Deer do the same thing. Late last year, a fawn accidentally got trapped in my back yard and started bleating for Mom. I called the DOW and they opened the back gate ( I'm disabled ) and Mom came back to fix the problem.
We live in harmony with the local wildlife. A buck will look me straight in the eye, then keep munching the grass. I have a local vixen and her kits show up and march across my doorstep unafraid. I have seen mountain lion tracks and bear scat on my driveway.
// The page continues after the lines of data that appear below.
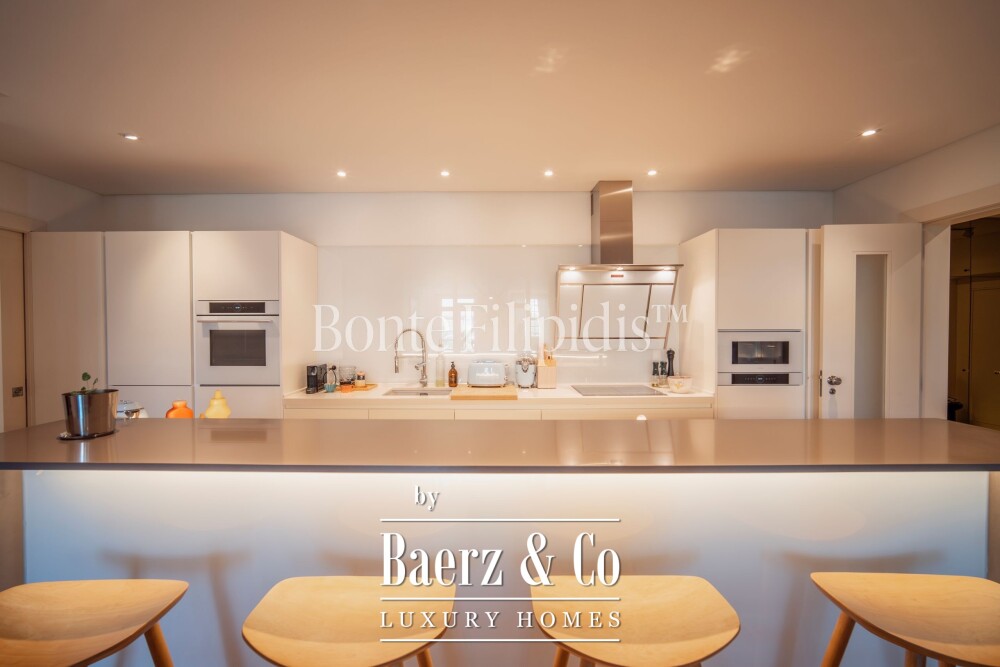 Beautiful luxury home in Santa Maria Maior, Chiado image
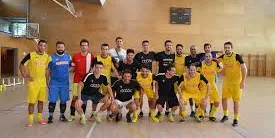 Presentació dels equips del Racing Pineda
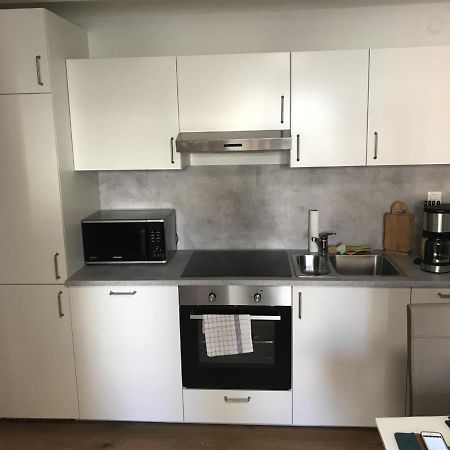 Schoenes Ferienappartment In Zell Am See: Zentral Gelegen Und Naehe Der Areitbahn Und Dem Zeller See Zell am See Exterior foto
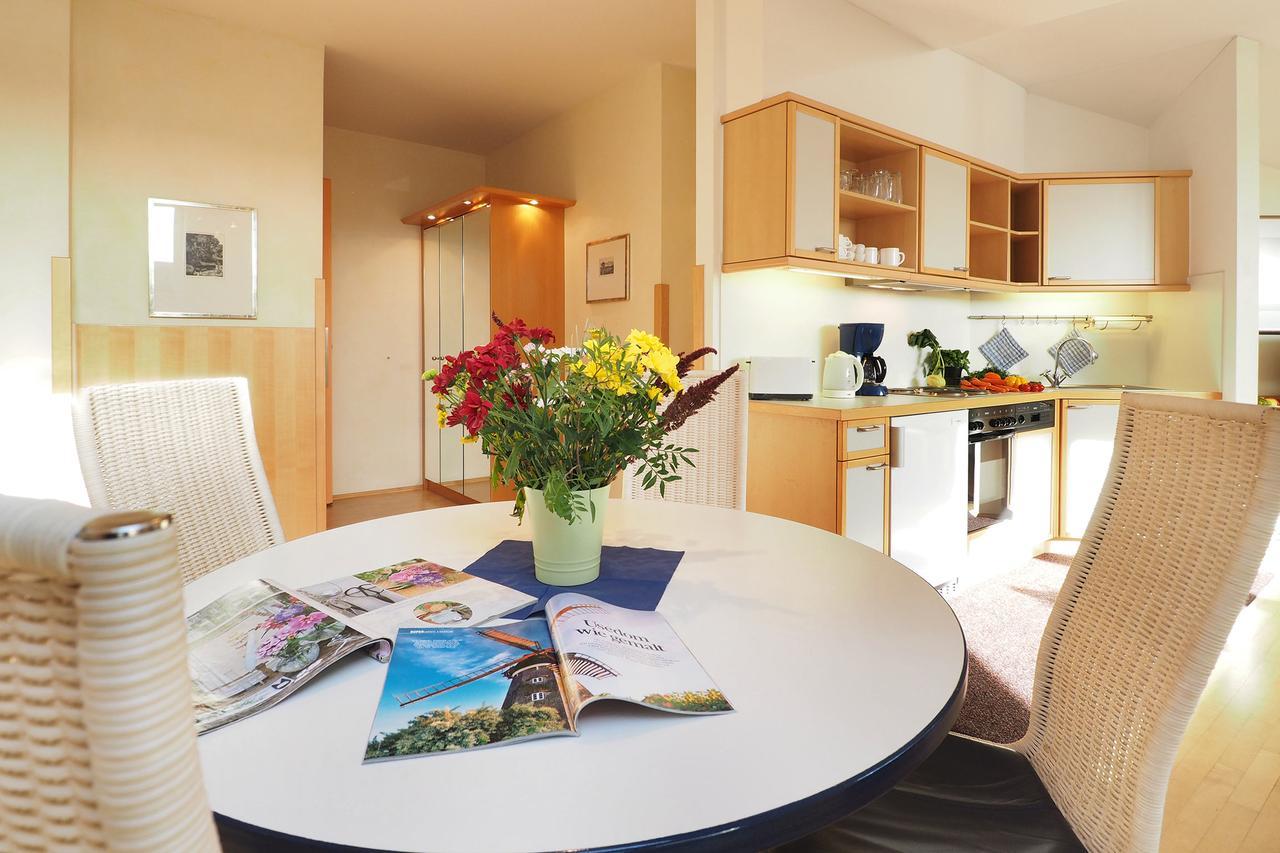 Seetelhotel Villa Aurora Heringsdorf  Kültér fotó
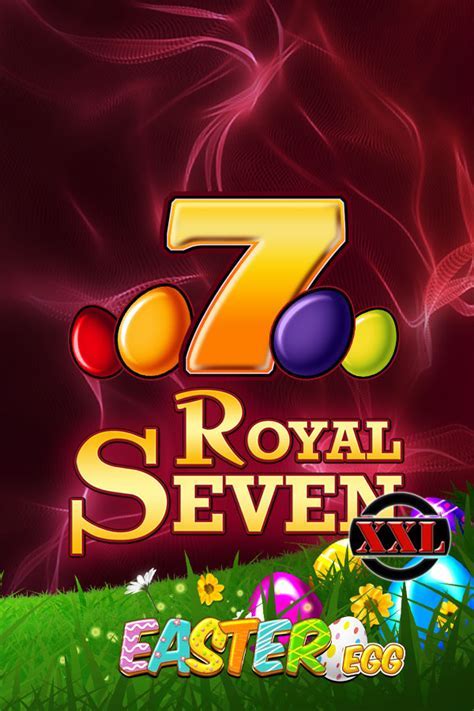 royl seven xxl eter egg Android IOS V- 2.31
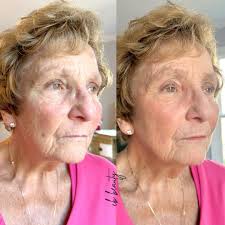 This look makes it all worthwhile !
The way to best stop carnage IS TO SLOW DOWN. It worked for Evergreen, CO



 +   1 person likes this
Posted by Lauralies, a resident of another community,
on Feb 17, 2016 at 9:39 pm

OOOO I see it now, "two nn's" Punnisher in da' house! Who do you punish?


 +   3 people like this
Posted by A reader, a resident of Atherton: Lindenwood,
on Feb 18, 2016 at 7:26 am

Deer Lives Matter! Go Kathryn


 +  Like this comment
Posted by cm, a resident of Downtown North,
on Feb 18, 2016 at 2:23 pm

Regarding Marie and then Reader's comments. It may not be practical to remove 280 as Marie suggests or everyone's homes as Reader then jokingly offers up, but questioning how much land and resources humans should control and what accommodations should be made for other species is extremely important. Human overpopulation, with the accompanying destruction and pollution of lands and waters, is the driving cause of a massive extinction event that is happening now world wide. California is one of the most overpopulated states in the US, has the worst environmental destruction and the most endangered species. Kudos to those who care about the problems caused by too many people and their effect on the natural world. It is time to discuss the real problem which is the need for a population policy that will allow a sustainable number of people to coexist in the world with other species. We know how to stop the growth we just don't have the mindset to make it happen yet.


 +   2 people like this
Posted by Alicia, a resident of Menlo Park,
on Feb 18, 2016 at 4:05 pm

Thank you all for taking the time to read and comment on the safety of i280, an issue we have been working on for years in conjunction with the Road Ecology Dept at UC Davis. Once we reach 500 signatures, we will be sending our petition to CalTrans with another letter. Please help us spread the word and sign the change.org petition today. If you do not like signing petitions for fear of more email, there are boxes, at the bottom of the petition page, you can "uncheck" Web Link
-Alicia


 +  Like this comment
Posted by Why the fuss, a resident of Green Acres,
on Feb 19, 2016 at 7:05 am

Solutions:
- slow down and pay attention (turn off your phone !!!0
- don't drive 280 between 2AM and 4 AM
- don't drive 280 at all
- bulldoze 280 and return the land to nature
Problem solved.


 +  Like this comment
Posted by Laura Stec, a resident of Portola Valley,
on Feb 19, 2016 at 7:27 am

Why the fuss - thanks for the laugh this morning.


 +  Like this comment
Posted by Alice Waters, a resident of Stanford,
on Feb 20, 2016 at 9:53 am

Why is no one talking about EATING these deer? It seems such a waste. If they're going to be run over, shouldn't they be processed for food?


 +  Like this comment
Posted by Kathryn , a resident of another community,
on Feb 20, 2016 at 10:05 am

Well, eating the multitude of deceased species that litter I280 wont actually fix the problem, plus Im not sure if eating tick infested deer filled with parasites is a good move. These herds munch on junk on the side of the road.

Simply eating the dead does not solve the issue because unfortunately drivers still risk injury or death when wildlife get in the road, and the animal still suffers after it's been hit.

Suffering is a not a good thing, and I don't think people should be risking life or limb due to wildlife wandering around while driving on the highway.


 +  Like this comment
Posted by Laura Stec, a resident of Portola Valley: Westridge,
on Feb 20, 2016 at 10:10 am

Alice Waters, well that is the Food Party! issue now isn't it? If you google it, the name "roadkill" came from finders would eat it. That's one way the wild boar situation in Hawaii is handled, except people actively shoot, rather than pick up off the road. Picking up off the road doesn't sound like a good and smart sport to me.I have eaten venison shot up on Skyline though, so people do use this technique.